AI-generated illustration
AI-generated illustration

The public-input process will include drop-in sessions at Roger Farmer Park, Aston Park and Asheville Sports Club, plus an online survey. One of the sessions will include free open-play pickleball, a smart move because it lets nonplayers see how much space, noise and movement the sport actually brings to a public park.
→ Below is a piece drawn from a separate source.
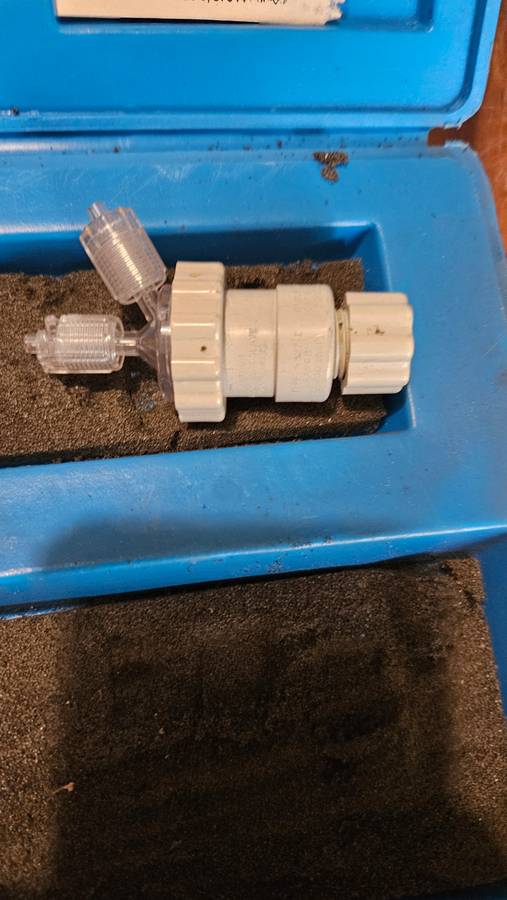 Goud Statham Physiological Pressure Transducer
The city also says it wants feedback from both picklers and non-picklers to minimize impacts and maximize benefits, which is the right way to handle a project that could reshape daily park use for nearby neighborhoods.

Roger Farmer Park already has ballfields, a multi-sport court, a multi-use field, off-street parking, a picnic shelter and restrooms, and the site was first developed by the YMCA of Western North Carolina. That built-in recreation footprint could make it an easier fit, but it also raises the stakes for how much room pickleball would take from other uses. Asheville says the final site will be chosen by the end of summer, and for the first time, the city’s pickleball boom is moving from court scraps to a real public buildout.